Business is back to normal at Myrtle Beach after Hurricane Florence — if you can fly there.
“There is access but it’s very limited,” Myrtle Beach Area Chamber of Commerce President and CEO Karen Riordan said. “Our airport is open.”
Many of the roads leading to the Grand Strand cross the Waccamaw and Pee Dee River basins, which are currently well above flood stage. The South Carolina Department of Transportation said floodwaters receded enough to reopen S.C. Highway 22 in northern Horry County. Prior to that, the only western access into the Myrtle Beach region was U.S. Highway 501, which was down to a single lane in each direction due to flooding on the Waccamaw River.
“It is challenging because so many roads had to close because of flooding or a concern that the road could wash out,” Riordan said.
Myrtle Beach was spared damage from Hurricane Florence. “The actual coastal zone, what most people think of as Myrtle Beach proper, is absolutely perfect,” she said. “We are so blessed that the damage from Hurricane Florence was very minimal . . . actually, if you were here with me right now, you would not believe that we had a hurricane come through.”
Hotels, restaurants and other businesses are open. However, many are struggling for customers or tourists given what is happening elsewhere in the county.

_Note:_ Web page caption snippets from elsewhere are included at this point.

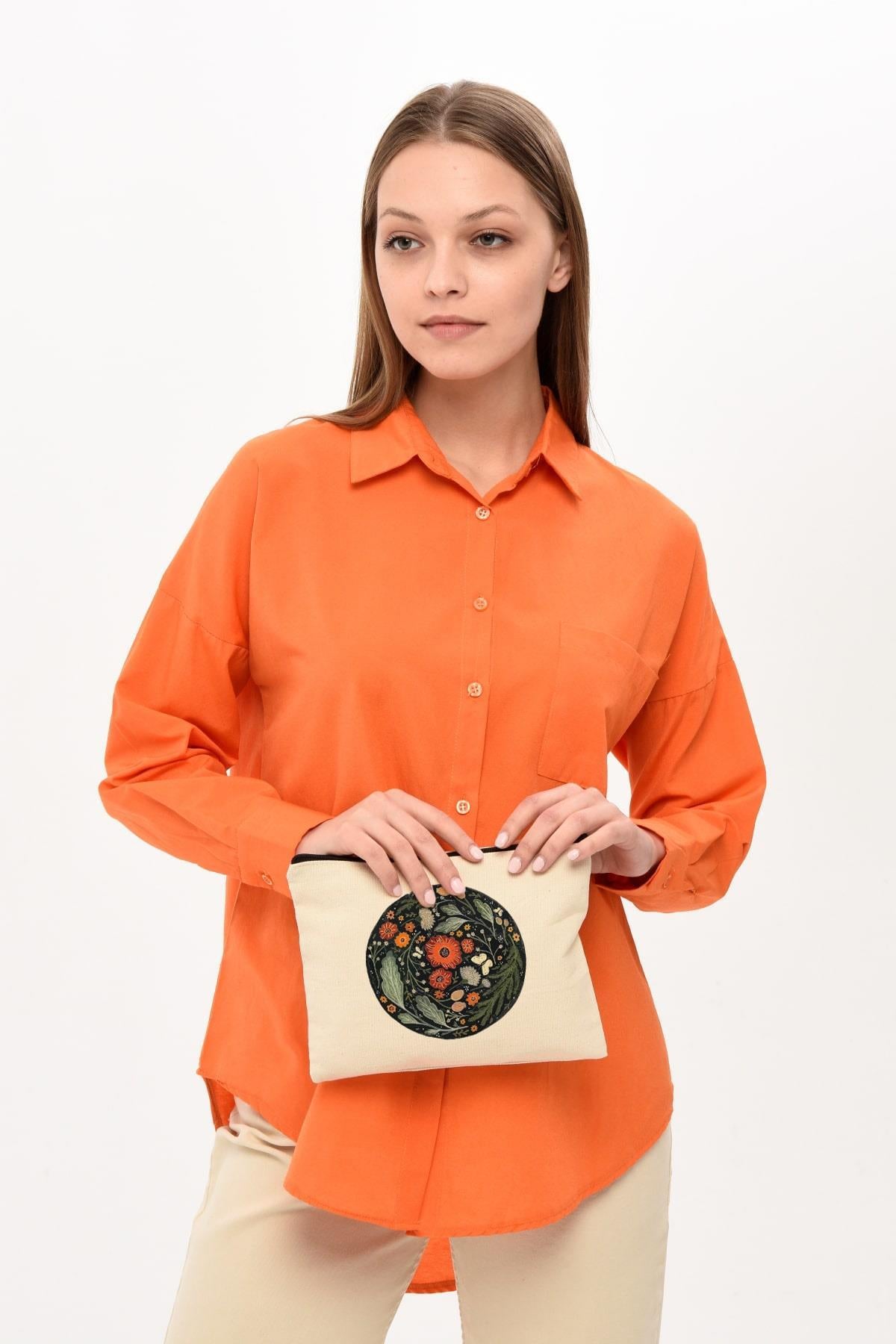 Clutch Çember Çiçek Kanvas Makyaj Çantası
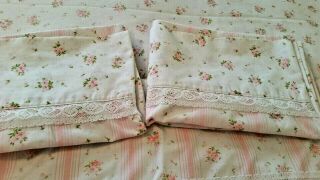 Vtg Springmaid Wondercale Full Set Pink Roses Lace Trimmed Sheets/pillowcases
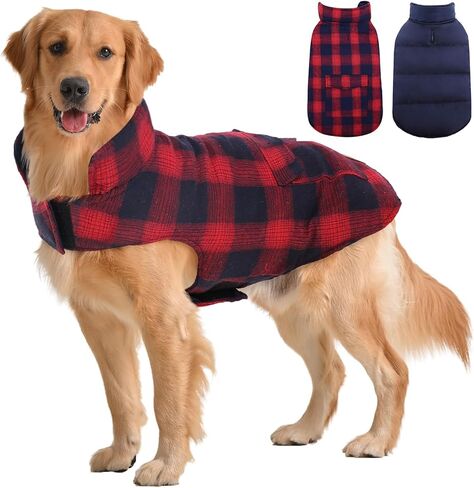 Kuoser Reversible Winter Coat, British Style Jacket for Small Medium and Large Dogs - Warm, Windproof Puppy Cold Weather Vest - Red M in Saudi Arabia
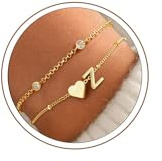 Turandoss Bracelet Lettre Initiales Femme Or Z Lettre Bracelet Personnalisé, Bijoux Cadeaux pour Femme, Petite Amie, épouse, Adolescente Cadeau Fille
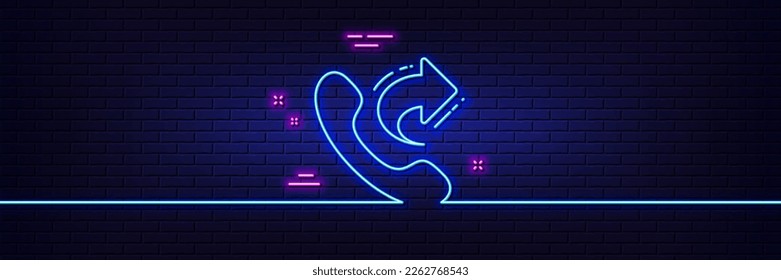 Neon light glow effect. Call center service line icon. Share phone call sign. Feedback symbol. 3d line neon glow icon. Brick wall banner. Share call outline. Vector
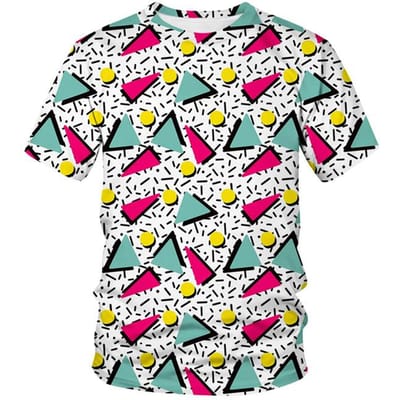 Vintage 80s 90s Grafisch T-shirt Voor Mannen Retro 3D Geprint Geometrisch T-shirts Hip Hop Korte Mouw T-shirts Street Oversized T-shirt 6XL blue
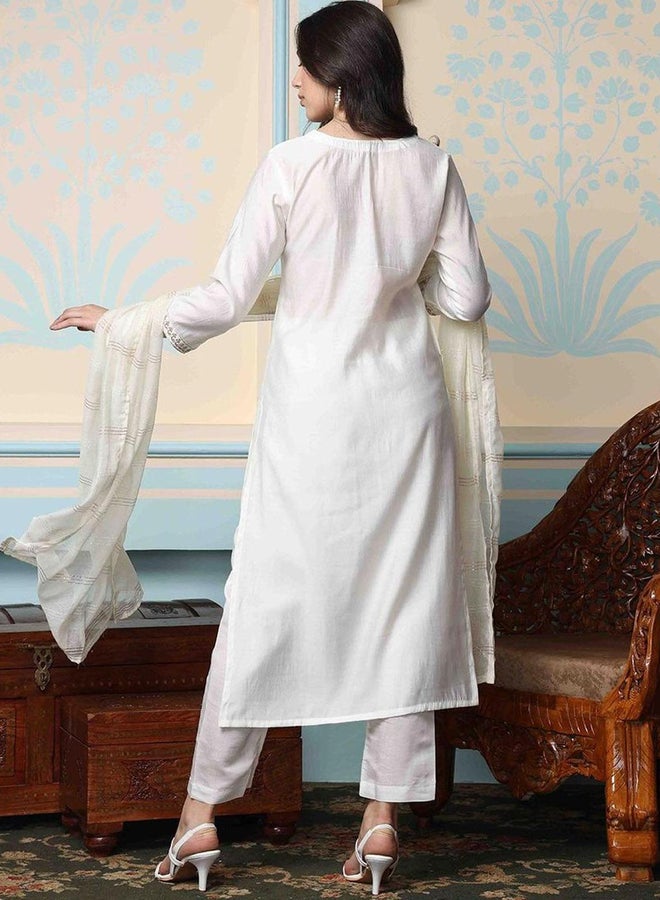ISHIN Embroidered Kurta with Trousers and Dupatta Set - Image 2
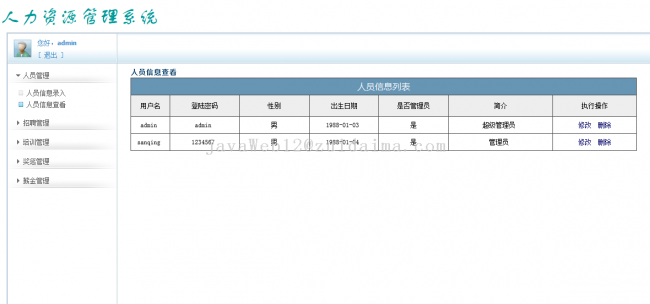 java Struts+Hibernate企业人力资源管理系统源代码下载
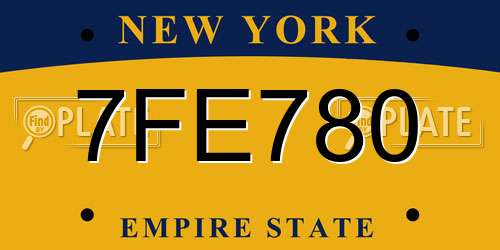 7FE780 New York License Plate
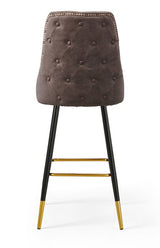 Modern Bar Chair Leather Stool Counter Brown Mid-Century Wood x 2 - Front View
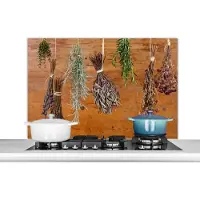 KitchenYeah Spatscherm keuken 100x65 cm - Kookplaat achterwand Gedroogde kruiden - Muurbeschermer - Spatwand fornuis - Hoogwaardig aluminium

“It’s a much different picture outside of Myrtle Beach,” she said. “All of our efforts now are to help our neighbors to the west of us and unfortunately, that’s where most of the workforce for the Myrtle Beach area lives and so it’s been very, very trying for business owners. They’ve had situations where their businesses can open because it’s along the Grand Strand but they can’t get themselves to that business or they can’t get their important employees over to the business because of where they’re located.”
Riordan said the chamber has been taking phone calls and requests for information from concerned tourists. It has also had to help large groups reschedule reservations. She encourages potential visitors to consider rebooking for two weeks from now.

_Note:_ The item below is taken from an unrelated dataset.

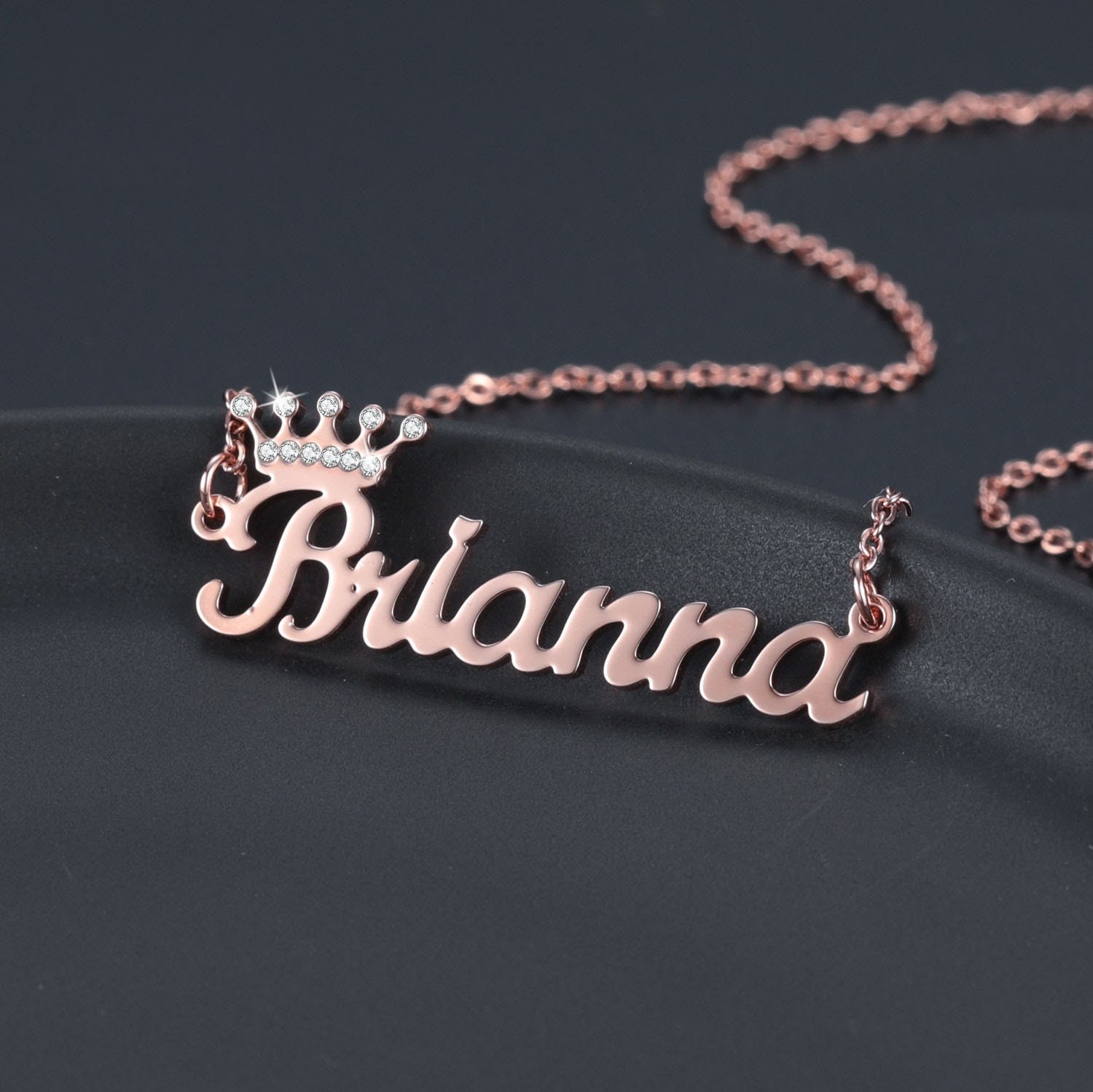 Crystal Crown Name Necklace by Beceff® Personalized Custom - Etsy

“Think about coming the second week of October when it’s still pretty and still warm,” she said. “They could still have a great vacation experience here, they’re just really going to need to delay that a little while so they don’t put themselves in jeopardy.”
The chamber also has been organizing fundraisers for disaster victims and collecting donated supplies.
“We’re so happy to help however we can,” she said.